Table R2: Comparison to NeuroFluid on novel view video synthesis on ScalarFlow real dataset.
| | PSNR$\uparrow$ | SSIM$\uparrow$ | LPIPS$\downarrow$ |
|-----------------|------|------|-------|
| NeuroFluid | 22.41 | 0.8452 | 0.1560 |
| Ours | **31.14** | **0.9330** | **0.0966** |
Table R3-A: Comparison to GlobTrans on novel view video synthesis on ScalarFlow real dataset.
| | PSNR$\uparrow$ | SSIM$\uparrow$ | LPIPS$\downarrow$ |
|-----------------|------|------|-------|
| GlobTrans | 25.97 | 0.9312 | **0.0783** |
| Ours | **31.14** | **0.9330** | 0.0966 |
Table R3-B: Comparison to GlobTrans on novel view re-simulation on ScalarFlow real dataset.
| | PSNR$\uparrow$ | SSIM$\uparrow$ | LPIPS$\downarrow$ |
|-----------------|------|------|-------|
| GlobTrans | 24.55 | 0.8988 | **0.1017** |
| Ours | **28.37** | **0.9158** | 0.1171 |
Table R5-A: Evaluation on synthetic data with low viscosity levels. Measured by SiRMSE.
| | Density $\downarrow$ | Warp error$\downarrow$|PSNR$\uparrow$|SSIM$\uparrow$|LPIPS$\downarrow$|
|-----------------|------|------|-|-|-|
| PINF | 5.01| 4.84 | 23.43 | 0.8555 | 0.2153
| Ours | **2.94** | **3.37**|
Table R5-B: Evaluation on synthetic data with high viscosity levels. Measured by SiRMSE.
| | Density $\downarrow$ | Warp error$\downarrow$|PSNR$\uparrow$|SSIM$\uparrow$|LPIPS$\downarrow$|
|-----------------|------|------|-|-|-|
| PINF | 4.91| 4.91 | 27.26 | **0.8728** | 0.1537
| Ours | **2.85** | **3.21**|
## Global response (common questions and one-pager PDF for figures and tables)
We thank all reviewers for their time and feedback. We clarify that since our goal is to reconstruct plausible fluid fields from real videos, **all experiments in our main paper are on real captured data, as specified in L201**. Please find our summary of major changes and response to some common questions below.
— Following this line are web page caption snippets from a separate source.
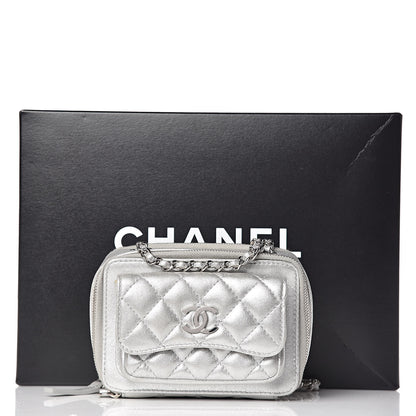 Chanel Metallic Lambskin Quilted Mini Pocket Box Camera Case Silver 15 of 15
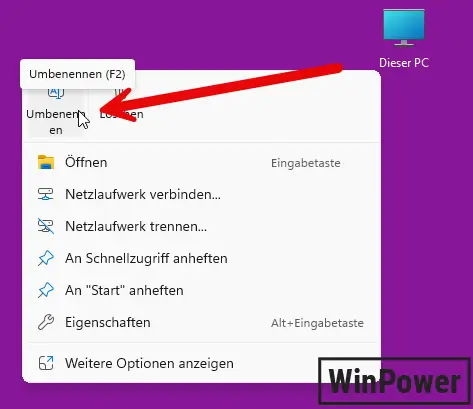 Rechtsklick Kontextmenü um Windows 11 Dieser PC umbenennen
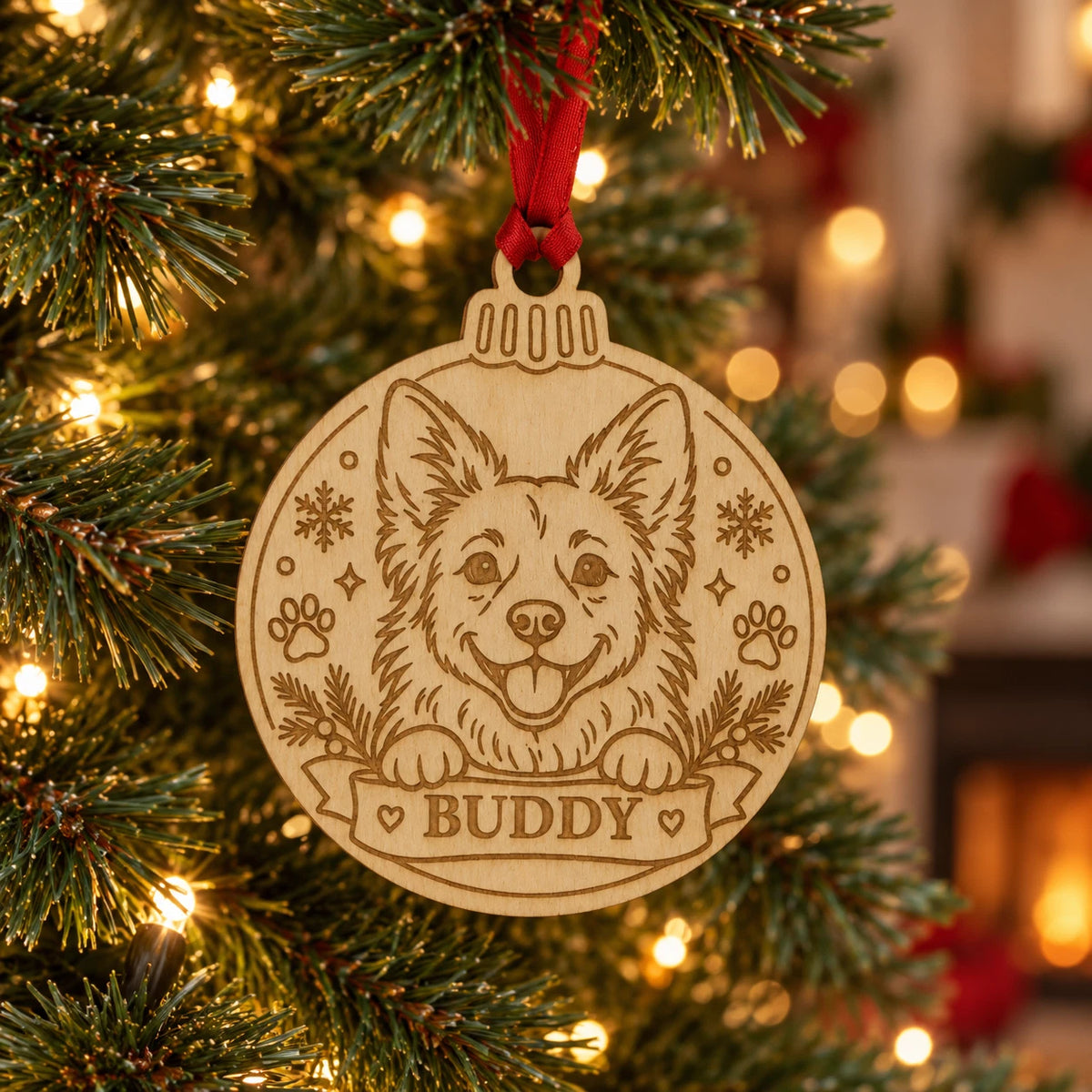 Personalised Dog Paw Print Christmas Bauble Wooden Pet Name Ornament — photo 1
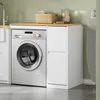 SoBuy Waschmaschinenunterschrank BZR223-WN mit Holzplatte und Schubladen im modernen Waschraum Productafbeelding-voorbeeld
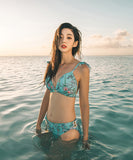 ビキニ 水着 ビキニ 花柄 フリル ビーチ モノキニ INS話題 ビーチ XH7-DP-A28978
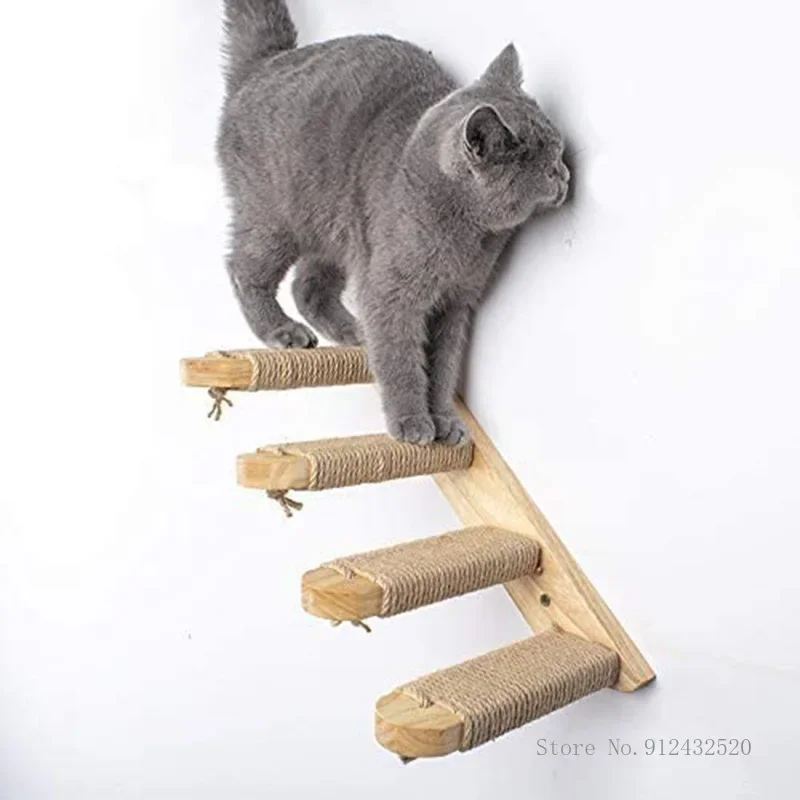 Wall Mounted Cat Climbing Ladder, Pet Stair Steps, Cat Climbing Shelf, Pet Furniture, Play House, 1Pc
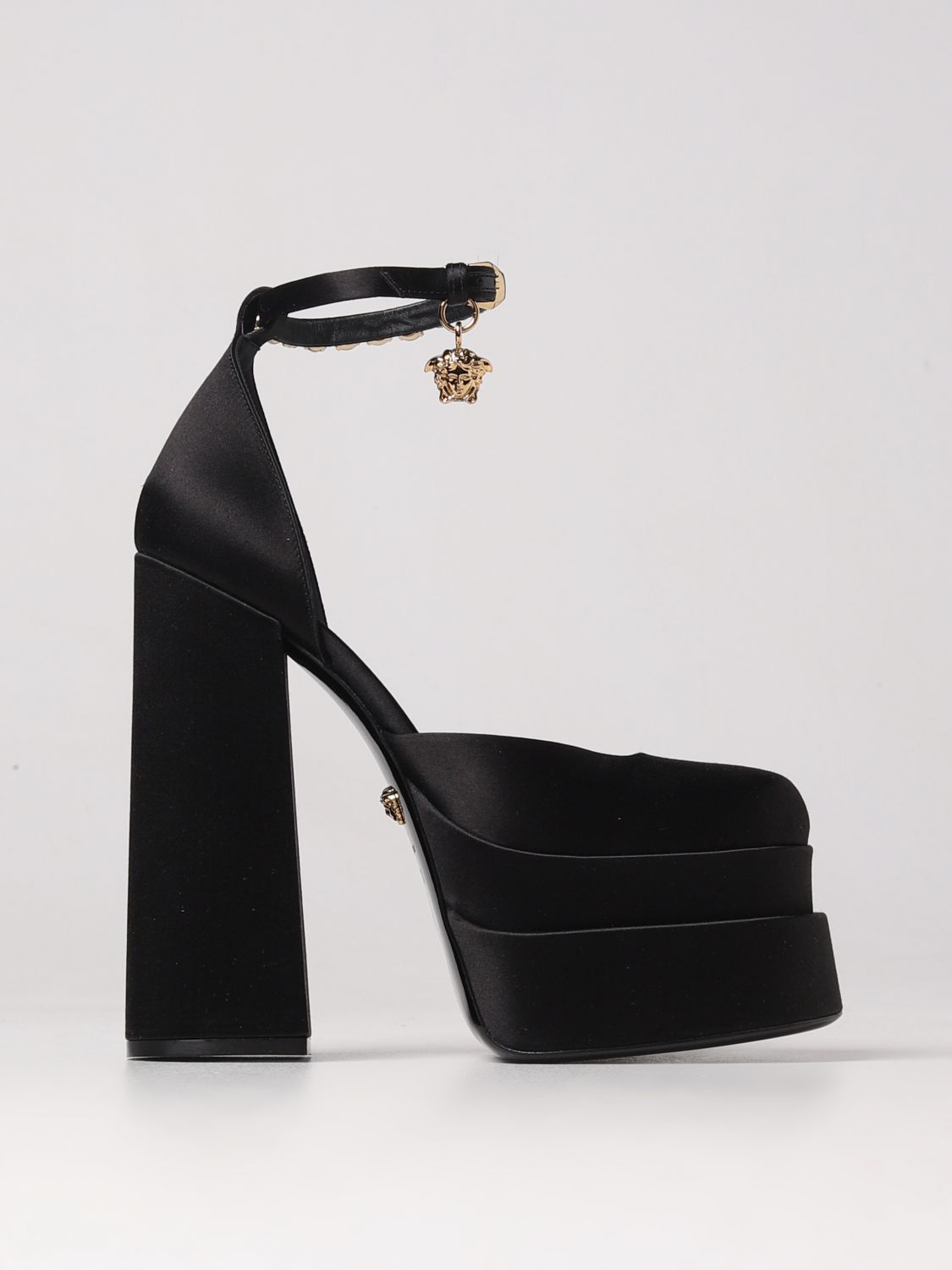 Shop Versace Medusa Aevitas  Satin Décolléte With Platform With Charm In Black
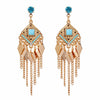 Alloy Gold Plated Women's Bohemian Style Water Drops Tassel And Crescent Earrings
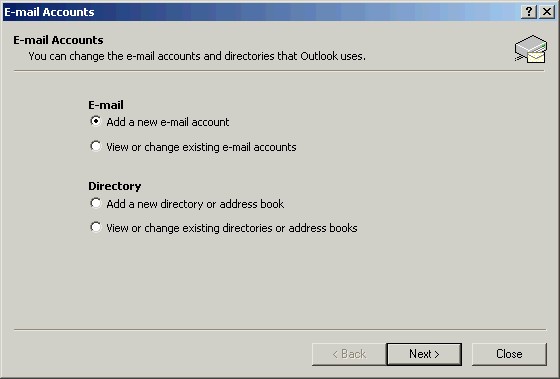 outlook 2002 screen one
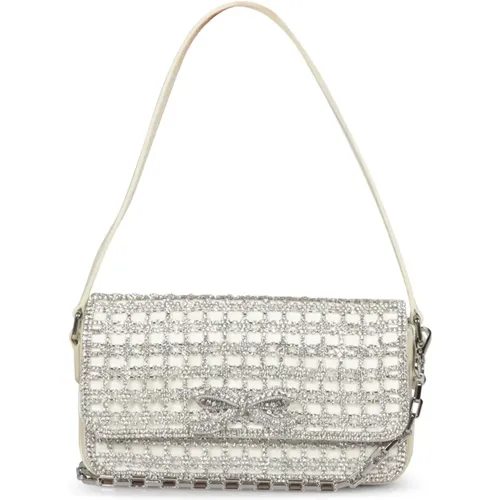 Handbags, female, , Size: ONE SIZE Crystal-Adorned Baguette Bag - Self Portrait - Modalova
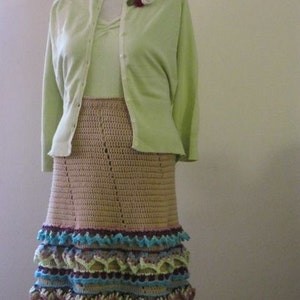 Rachel Crochet Pattern a flared crochet skirt with lace ruffled bottom image 3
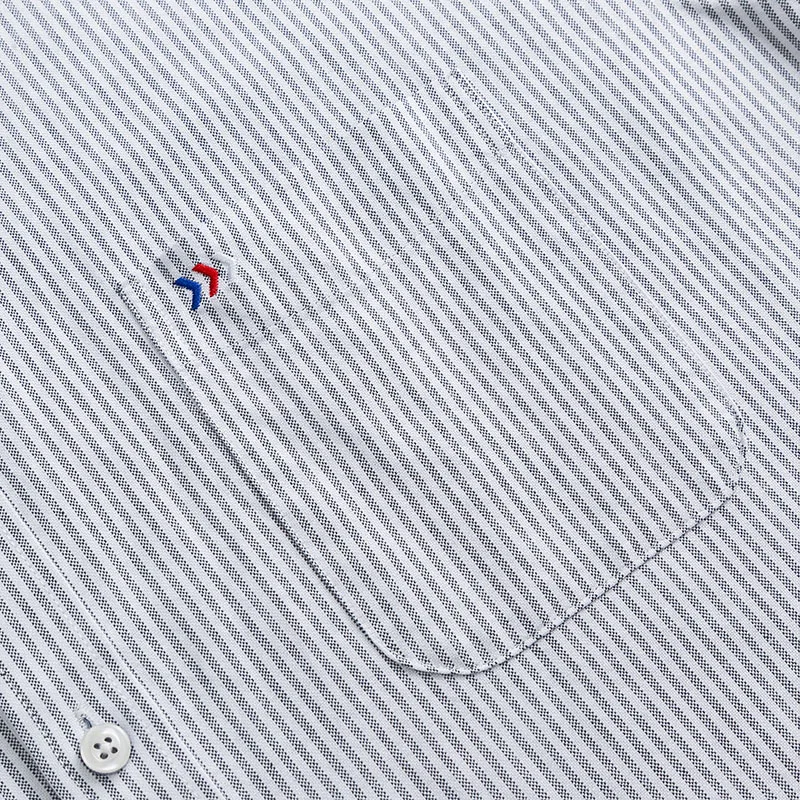 Мужская рубашка в полоску Повседневная приталенная из 100% хлопка с длинным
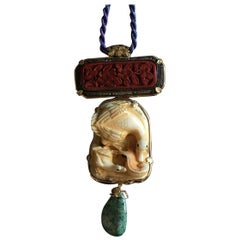 Carved Lacquer Amazonite Gold Goose Antique Netsuke Pendant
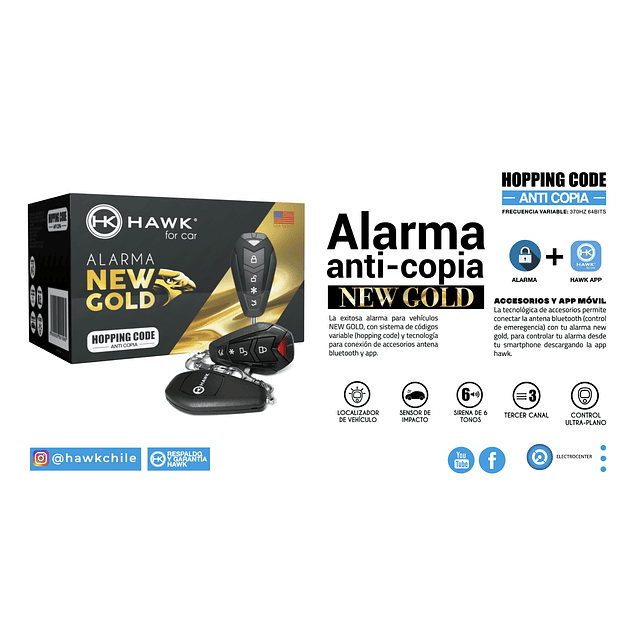 ALARMA NEW GOLD + ANTENA BLUETOOTH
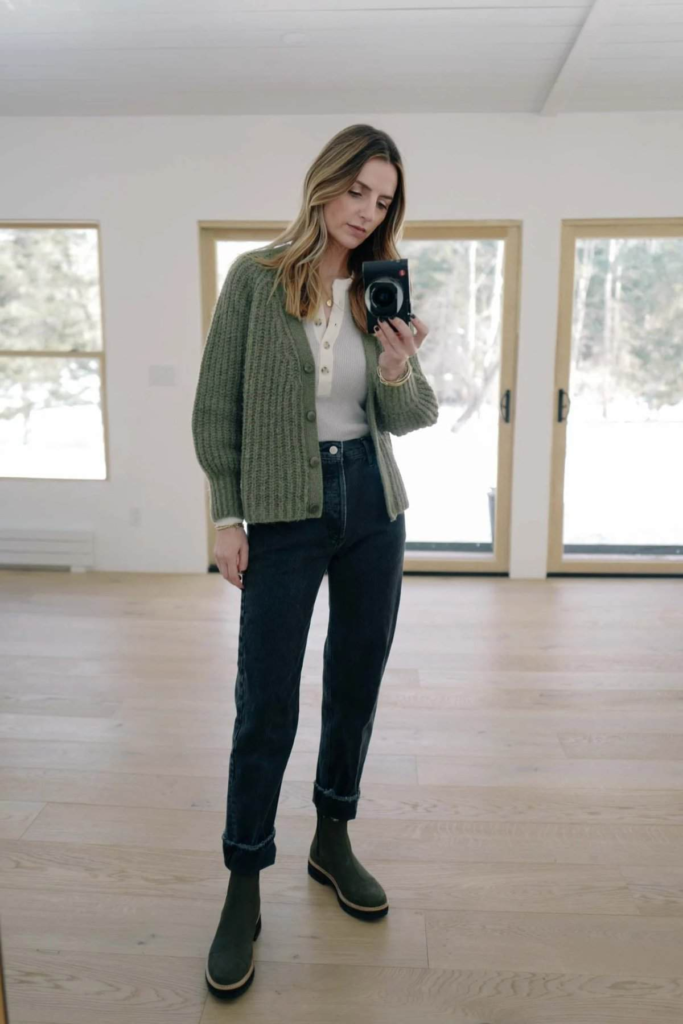 Cozy Cardigan and Classic Denim Combo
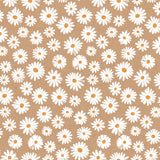 Närbild av Margarita Natur - textilduk med prästkragar och naturfärgad bas
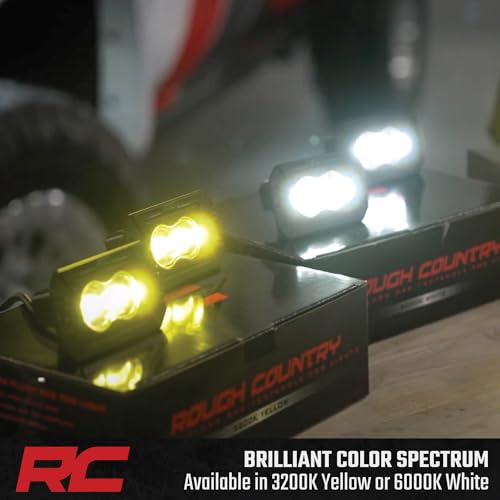 Rough Country Flush Mount SAE LED Fog Lights 3" x 1.75" - Street Legal Fog Light Kit, IP67 Waterproof, White by Rough Country - Image 8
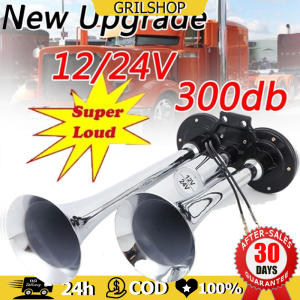 2pcs แตรลม 30W 300db แตรลมไฟฟ้า12v แตรไฟฟ้า12vดัง เสียงดังสุดยอดแบนด้านล่างรถแตรอากาศชุบโครเมี่ยมชุบสังกะสีแตรคู่รถบรรทุกรถบรรทุกรถบรรทุก RV แตรลมรถบรรทุก24v แตรลมไฟฟ้า12v แตร ลม ไฟฟ้า 12v แตร รถยนต์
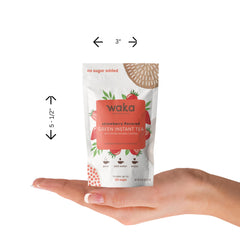 Hot strawberry green tea made with Waka Instant Green Tea Mix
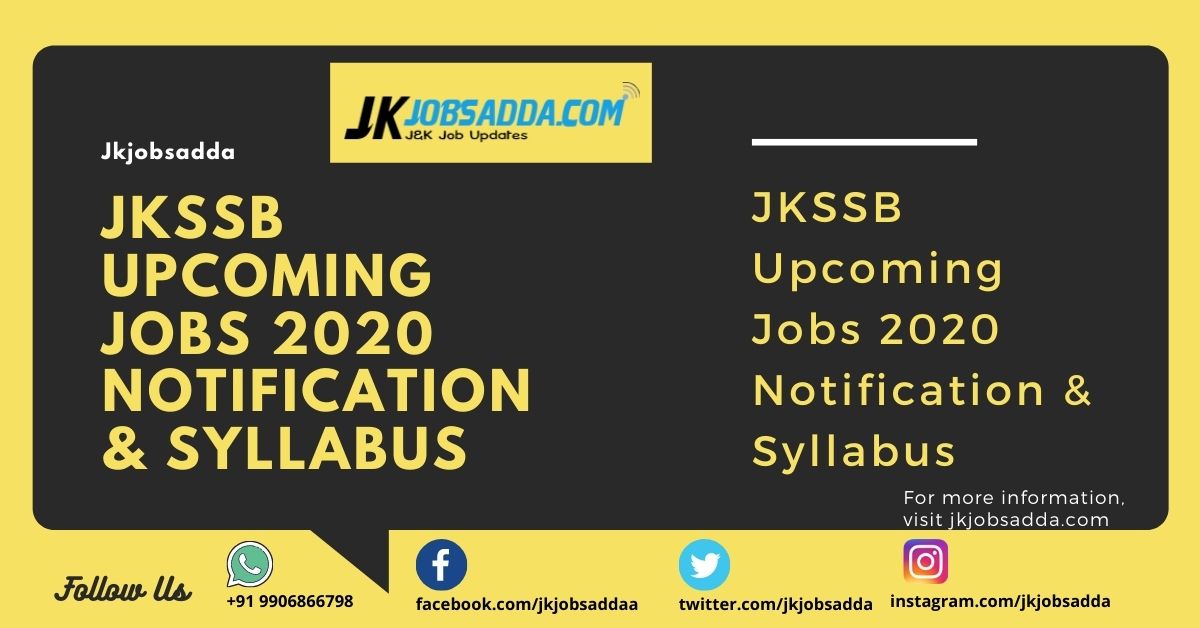 JKSSB Upcoming Jobs 2020 Notification & Syllabus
We will incorporate these changes to our revised paper.
**Summary of major changes per reviewers' suggestions**:
1. [*qUcR*, *3dGa*, *4cV8*, *MRuw*] We add evaluations on synthetic data that provides groundtruth 3D fields.
2. [*qUcR*, *3dGa*, *4cV8*, *MRuw*] We add evaluations on different viscosity levels using synthetic data.
3. [*5YF8*, *MRuw*] We add ablation study on using spatiotemporally-varying appearance.
4. [*3dGa*, *4cV8*, *MRuw*] We add discussion and comparison to GlobTrans which is a SOTA non-learning-based fluid reconstruction method.
5. [*qUcR*, *3dGa*, *MRuw*] We add discussion and comparison to NeuroFluid which is a recent fluid dynamics learning method.
6. [*4cV8*] We improve velocity visualization using slice rendering.
7. [*MRuw*] We add more references and discussion to recent related work.
**[*qUcR*, *3dGa*, *4cV8*, *MRuw*] Evaluation on synthetic data**:
We include synthetic examples for evaluating 3D density and velocity fields. We use ScalarFlow synthetic dataset generation code [Eckert2019]. We generate five examples with different inflow source (randomized inflow area and density distribution) with higher viscosity and another five examples with lower viscosity. Since numerical viscosity is unavoidable, we simply use different simulation domain resolution to synthesize fluids with different viscosity levels. For the low viscosity group, we use 100x178x100. For the high viscosity group, we use 80x142x80.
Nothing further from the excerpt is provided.